**THE TASK**
Taking the entries below from the top, restate each line exactly and end with the line containing "Emmanuel Lubezki".
• • • •
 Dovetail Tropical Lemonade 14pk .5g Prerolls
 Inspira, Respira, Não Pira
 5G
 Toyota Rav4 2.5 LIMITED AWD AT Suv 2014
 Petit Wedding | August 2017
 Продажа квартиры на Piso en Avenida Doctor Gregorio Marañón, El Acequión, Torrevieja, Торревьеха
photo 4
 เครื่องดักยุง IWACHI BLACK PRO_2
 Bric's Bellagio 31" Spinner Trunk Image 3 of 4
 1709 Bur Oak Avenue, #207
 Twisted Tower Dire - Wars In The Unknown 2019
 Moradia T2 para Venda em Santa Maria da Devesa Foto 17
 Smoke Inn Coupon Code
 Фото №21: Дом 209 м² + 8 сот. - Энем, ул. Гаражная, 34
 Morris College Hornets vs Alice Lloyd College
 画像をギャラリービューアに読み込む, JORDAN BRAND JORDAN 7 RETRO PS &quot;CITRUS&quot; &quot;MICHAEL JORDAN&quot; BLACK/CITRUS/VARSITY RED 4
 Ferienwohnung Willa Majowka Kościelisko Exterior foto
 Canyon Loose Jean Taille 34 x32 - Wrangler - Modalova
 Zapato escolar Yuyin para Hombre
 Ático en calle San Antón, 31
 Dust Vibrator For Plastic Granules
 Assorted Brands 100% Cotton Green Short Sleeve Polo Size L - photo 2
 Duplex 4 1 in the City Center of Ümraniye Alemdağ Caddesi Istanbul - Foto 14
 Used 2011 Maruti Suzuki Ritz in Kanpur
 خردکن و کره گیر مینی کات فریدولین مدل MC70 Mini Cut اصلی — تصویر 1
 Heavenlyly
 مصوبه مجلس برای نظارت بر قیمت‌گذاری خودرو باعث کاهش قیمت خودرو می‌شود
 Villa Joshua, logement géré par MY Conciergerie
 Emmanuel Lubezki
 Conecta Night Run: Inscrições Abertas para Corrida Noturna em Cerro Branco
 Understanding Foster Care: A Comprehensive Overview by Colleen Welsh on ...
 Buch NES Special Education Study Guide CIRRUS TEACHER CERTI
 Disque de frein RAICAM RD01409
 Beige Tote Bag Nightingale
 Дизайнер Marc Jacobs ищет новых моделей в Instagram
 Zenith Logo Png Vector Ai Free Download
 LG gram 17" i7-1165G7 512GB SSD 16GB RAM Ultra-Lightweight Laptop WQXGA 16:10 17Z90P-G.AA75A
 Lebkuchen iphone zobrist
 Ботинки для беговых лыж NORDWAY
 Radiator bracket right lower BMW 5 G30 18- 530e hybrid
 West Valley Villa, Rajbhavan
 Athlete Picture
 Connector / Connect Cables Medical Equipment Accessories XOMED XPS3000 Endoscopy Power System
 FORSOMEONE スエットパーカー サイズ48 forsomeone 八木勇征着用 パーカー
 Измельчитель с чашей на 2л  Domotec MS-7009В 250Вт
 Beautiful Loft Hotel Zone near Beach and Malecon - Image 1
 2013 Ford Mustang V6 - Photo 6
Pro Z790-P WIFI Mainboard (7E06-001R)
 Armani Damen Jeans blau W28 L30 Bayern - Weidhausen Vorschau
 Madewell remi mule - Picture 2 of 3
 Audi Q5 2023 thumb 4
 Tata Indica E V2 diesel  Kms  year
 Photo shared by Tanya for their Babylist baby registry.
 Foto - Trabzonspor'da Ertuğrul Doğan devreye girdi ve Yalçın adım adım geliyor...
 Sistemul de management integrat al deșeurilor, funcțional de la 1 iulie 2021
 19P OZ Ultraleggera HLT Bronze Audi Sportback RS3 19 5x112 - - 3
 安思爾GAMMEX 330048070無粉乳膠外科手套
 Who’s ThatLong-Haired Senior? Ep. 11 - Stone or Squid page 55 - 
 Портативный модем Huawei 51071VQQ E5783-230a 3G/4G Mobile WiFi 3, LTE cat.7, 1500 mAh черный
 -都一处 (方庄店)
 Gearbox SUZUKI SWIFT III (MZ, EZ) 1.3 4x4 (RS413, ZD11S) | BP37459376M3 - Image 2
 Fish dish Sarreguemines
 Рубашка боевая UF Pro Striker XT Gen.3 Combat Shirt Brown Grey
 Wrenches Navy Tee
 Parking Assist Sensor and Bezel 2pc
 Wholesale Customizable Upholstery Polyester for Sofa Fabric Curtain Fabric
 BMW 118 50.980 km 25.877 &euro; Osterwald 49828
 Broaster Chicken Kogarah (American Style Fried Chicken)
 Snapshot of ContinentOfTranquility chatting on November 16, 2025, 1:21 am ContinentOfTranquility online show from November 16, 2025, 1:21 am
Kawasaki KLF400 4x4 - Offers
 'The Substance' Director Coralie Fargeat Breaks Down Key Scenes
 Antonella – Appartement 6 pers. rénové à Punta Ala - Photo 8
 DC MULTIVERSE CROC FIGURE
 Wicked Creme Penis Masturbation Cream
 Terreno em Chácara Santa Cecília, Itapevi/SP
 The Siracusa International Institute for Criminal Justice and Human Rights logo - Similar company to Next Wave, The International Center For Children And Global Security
• • • •
**WORKED SOLUTION**
 Dovetail Tropical Lemonade 14pk .5g Prerolls
 Inspira, Respira, Não Pira
 5G
 Toyota Rav4 2.5 LIMITED AWD AT Suv 2014
 Petit Wedding | August 2017
 Продажа квартиры на Piso en Avenida Doctor Gregorio Marañón, El Acequión, Torrevieja, Торревьеха
photo 4
 เครื่องดักยุง IWACHI BLACK PRO_2
 Bric's Bellagio 31" Spinner Trunk Image 3 of 4
 1709 Bur Oak Avenue, #207
 Twisted Tower Dire - Wars In The Unknown 2019
 Moradia T2 para Venda em Santa Maria da Devesa Foto 17
 Smoke Inn Coupon Code
 Фото №21: Дом 209 м² + 8 сот. - Энем, ул. Гаражная, 34
 Morris College Hornets vs Alice Lloyd College
 画像をギャラリービューアに読み込む, JORDAN BRAND JORDAN 7 RETRO PS &quot;CITRUS&quot; &quot;MICHAEL JORDAN&quot; BLACK/CITRUS/VARSITY RED 4
 Ferienwohnung Willa Majowka Kościelisko Exterior foto
 Canyon Loose Jean Taille 34 x32 - Wrangler - Modalova
 Zapato escolar Yuyin para Hombre
 Ático en calle San Antón, 31
 Dust Vibrator For Plastic Granules
 Assorted Brands 100% Cotton Green Short Sleeve Polo Size L - photo 2
 Duplex 4 1 in the City Center of Ümraniye Alemdağ Caddesi Istanbul - Foto 14
 Used 2011 Maruti Suzuki Ritz in Kanpur
 خردکن و کره گیر مینی کات فریدولین مدل MC70 Mini Cut اصلی — تصویر 1
 Heavenlyly
 مصوبه مجلس برای نظارت بر قیمت‌گذاری خودرو باعث کاهش قیمت خودرو می‌شود
 Villa Joshua, logement géré par MY Conciergerie
 Emmanuel Lubezki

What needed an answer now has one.